PROBLEM DETAILS:
Print each record exactly as it appears, but drop the images.

Stored items from a collection
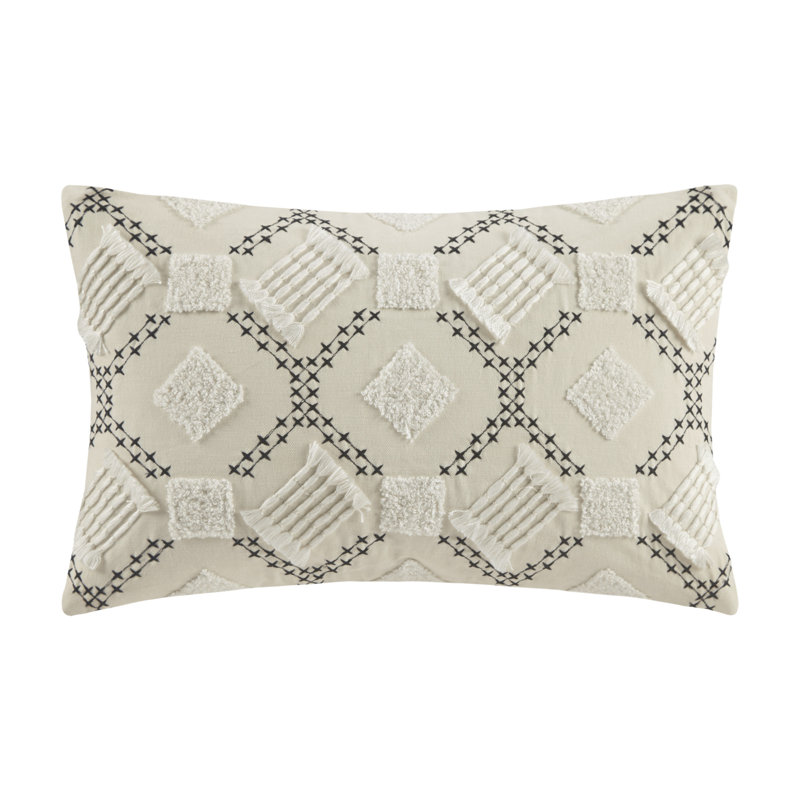 Ophelia Co Ashburn Cotton Geometric Lumbar Pillow Cover And Insert Reviews Wayfair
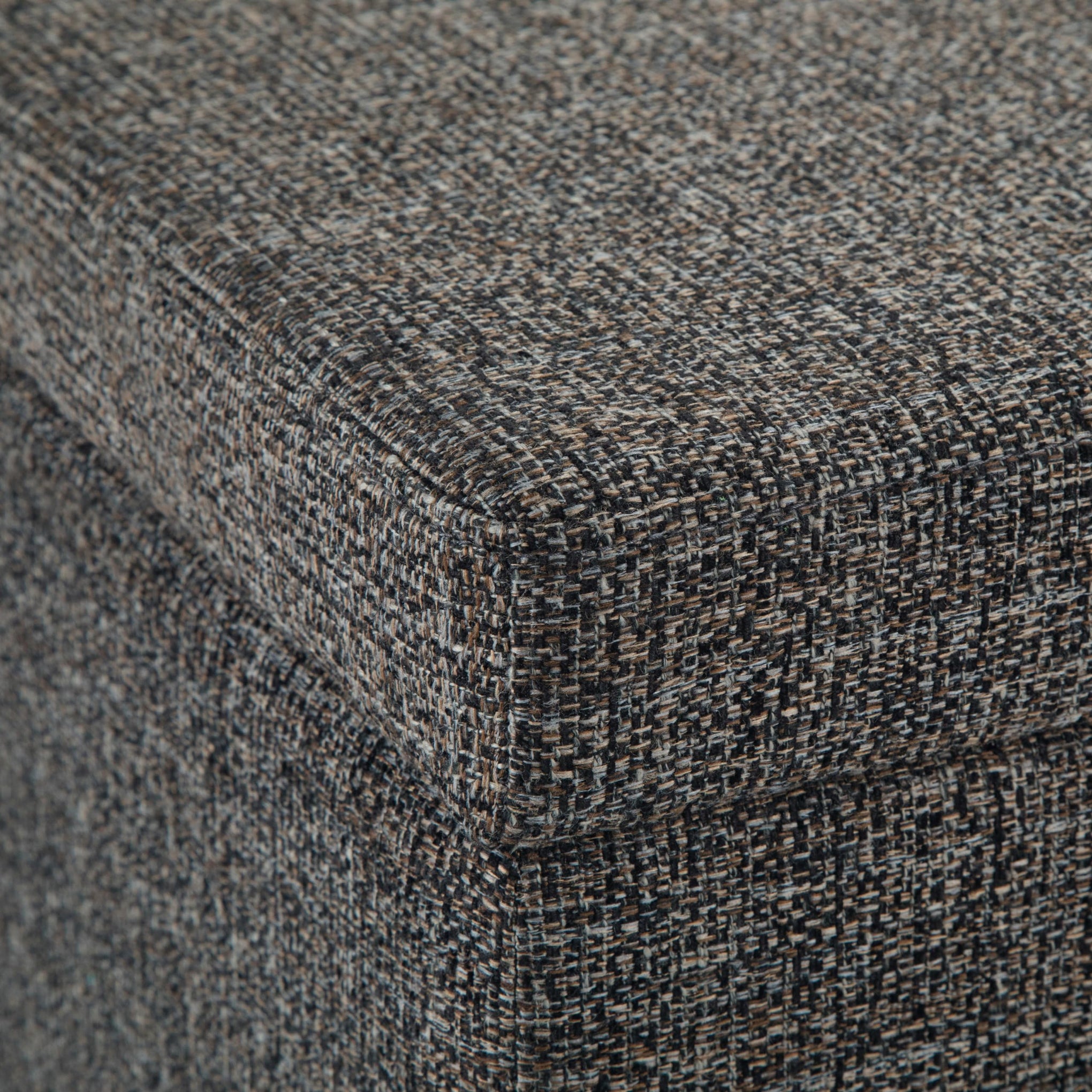 Avalon 48" Wide Tweed Look Fabric Storage Ottoman in Red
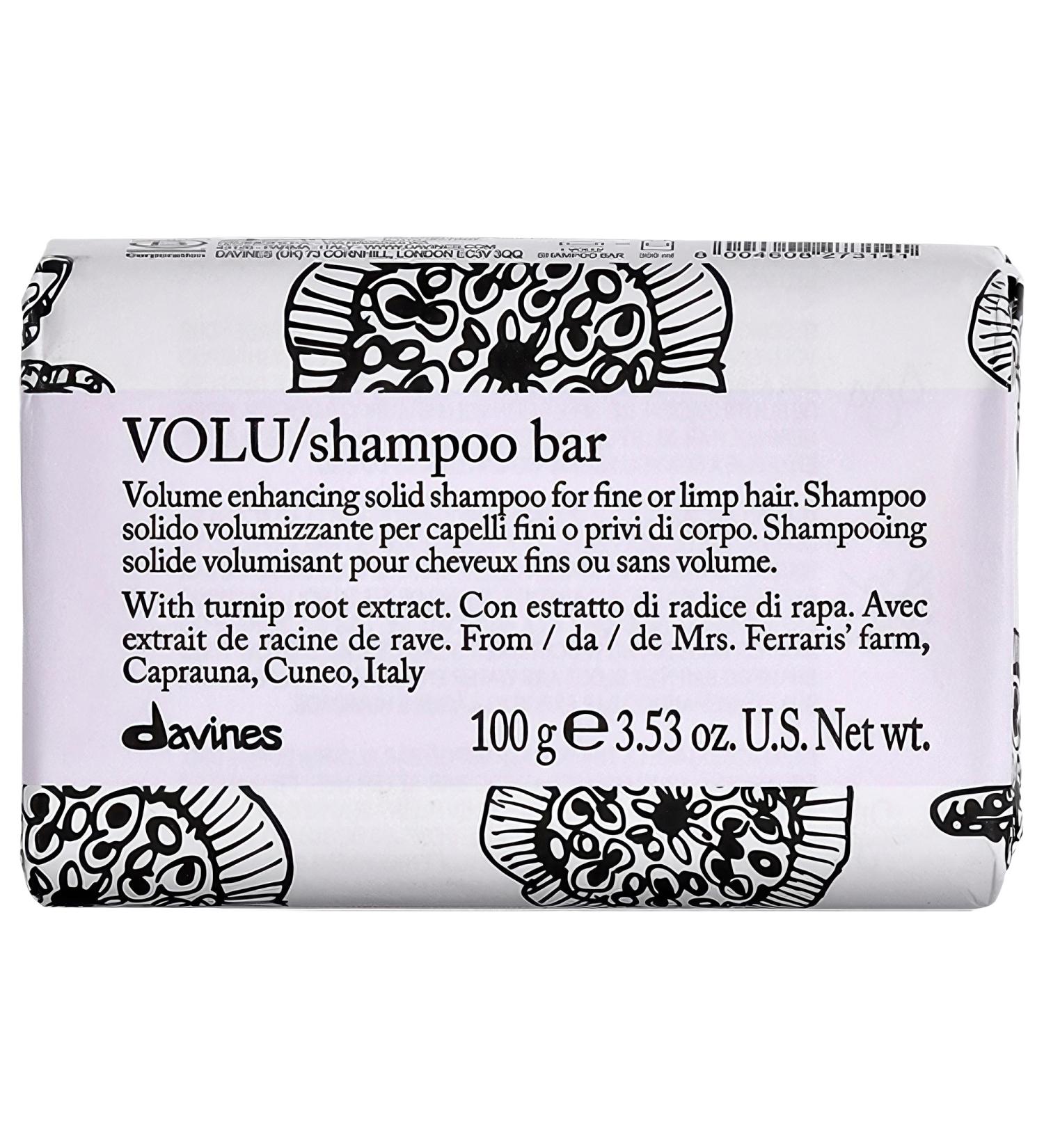 Shop Davines VOLU Volumizing Shampoo Bar for Fine Hair - 3.53 oz/ 100 g Online - Best Price & International Shipping - Buy Online on GoSupps.com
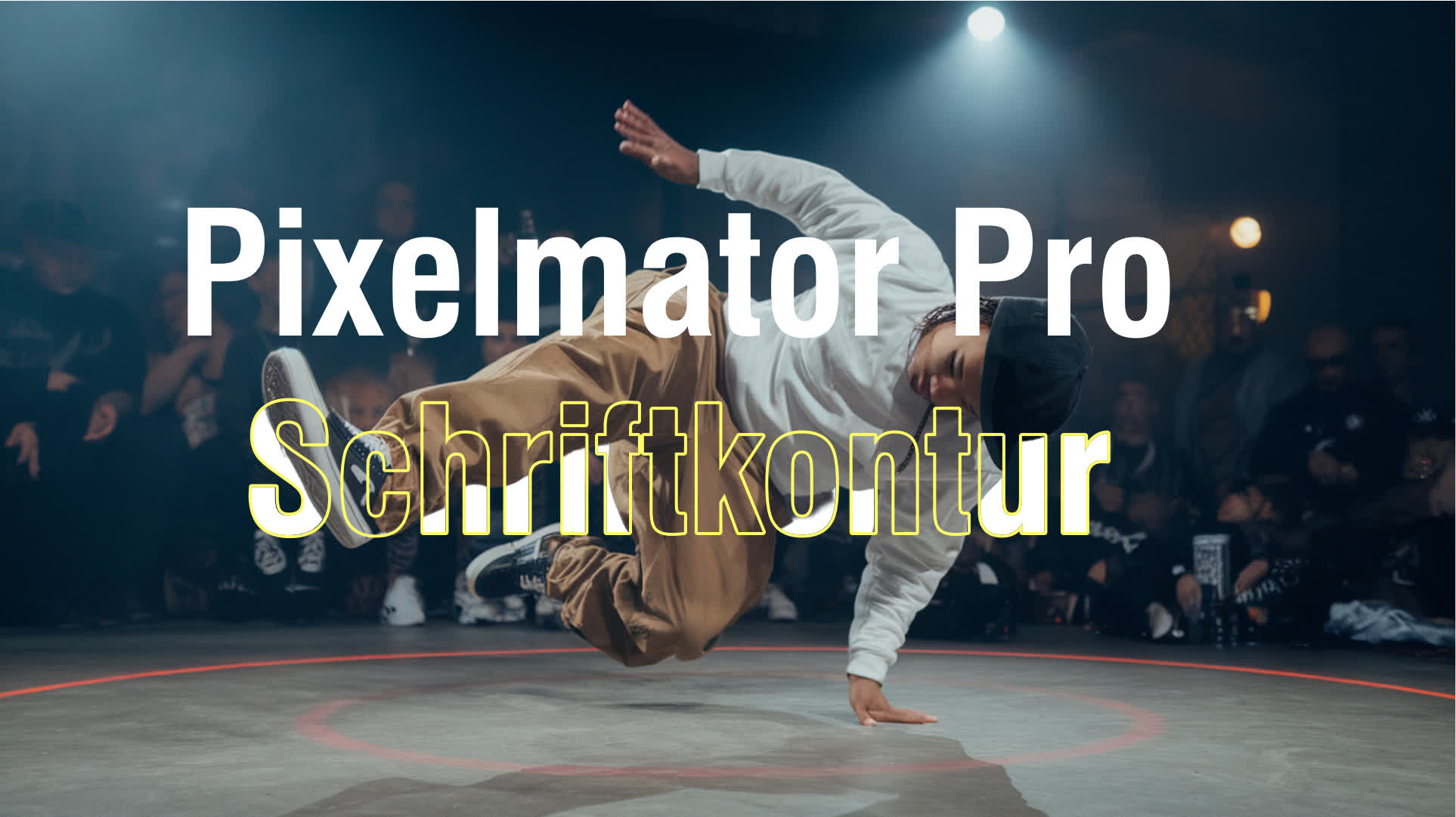 Pixelmator Pro - Schriftkontur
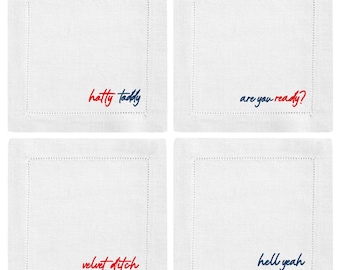 Custom College Cocktail Napkins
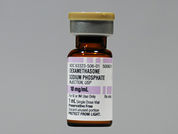 Dexamethasone Sodium Phosphate: This is a Vial imprinted with nothing on the front, nothing on the back.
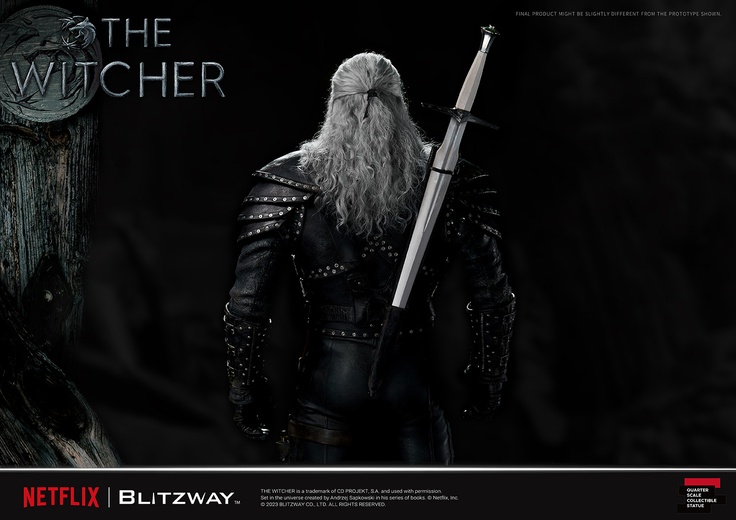 The Witcher ‘Geralt of Rivia’ - 1/4 Scale Statue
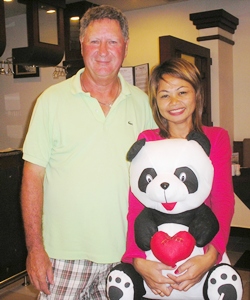 Overall winner Neville Scurrell with his partner Ya Ya and the new addition to the family.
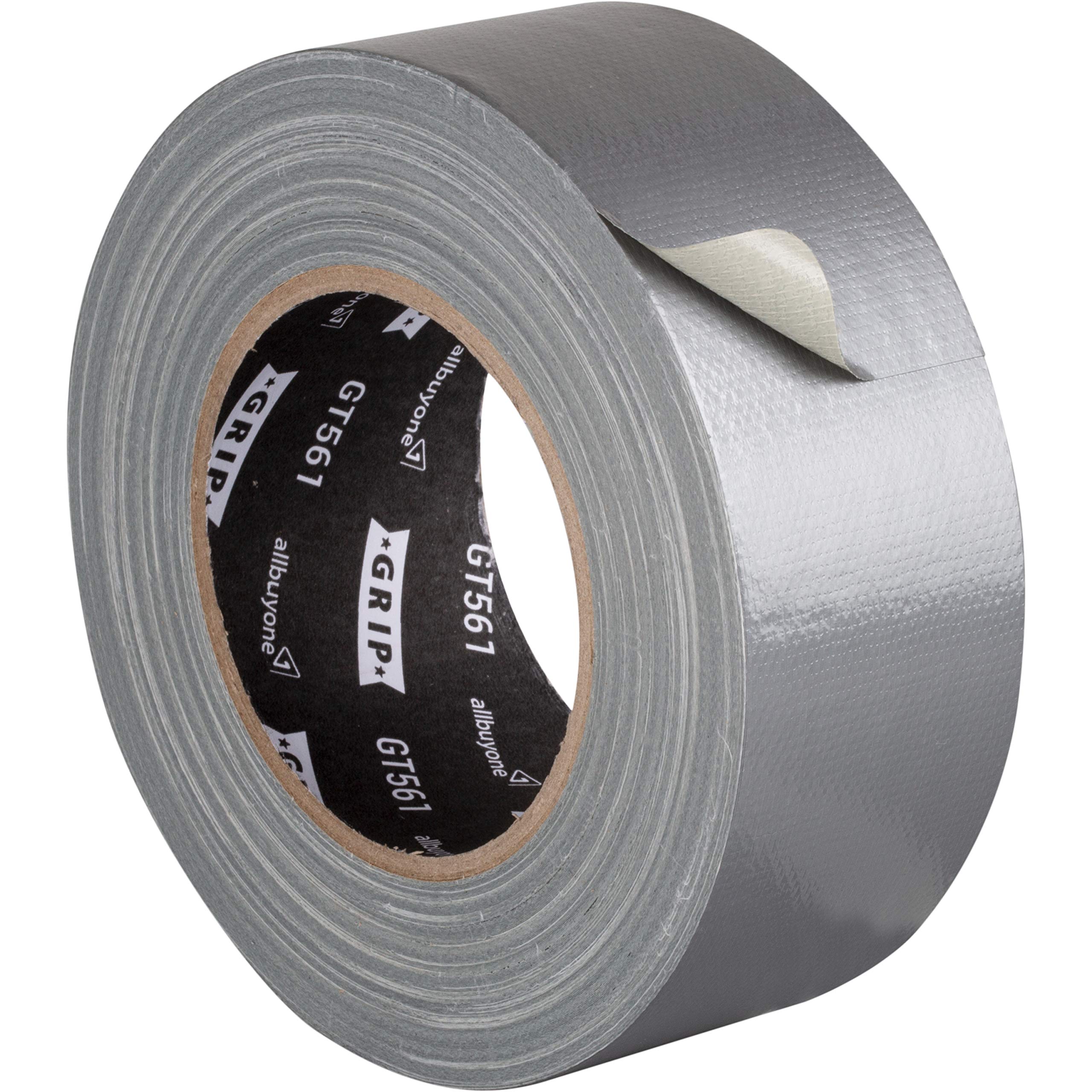 GRIP Eventbasics Gaffa Tape silber GT 561, 50 mm x 50 m, gewebeverstärktes Allround Panzertape mit starker Klebkraft zum Reparieren, Abdichten, Montieren uvm.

ANSWER SECTION:
 Ophelia Co Ashburn Cotton Geometric Lumbar Pillow Cover And Insert Reviews Wayfair
 Avalon 48" Wide Tweed Look Fabric Storage Ottoman in Red
 Shop Davines VOLU Volumizing Shampoo Bar for Fine Hair - 3.53 oz/ 100 g Online - Best Price & International Shipping - Buy Online on GoSupps.com
 Pixelmator Pro - Schriftkontur
 Custom College Cocktail Napkins
 Dexamethasone Sodium Phosphate: This is a Vial imprinted with nothing on the front, nothing on the back.
 The Witcher ‘Geralt of Rivia’ - 1/4 Scale Statue
 Overall winner Neville Scurrell with his partner Ya Ya and the new addition to the family.
 GRIP Eventbasics Gaffa Tape silber GT 561, 50 mm x 50 m, gewebeverstärktes Allround Panzertape mit starker Klebkraft zum Reparieren, Abdichten, Montieren uvm.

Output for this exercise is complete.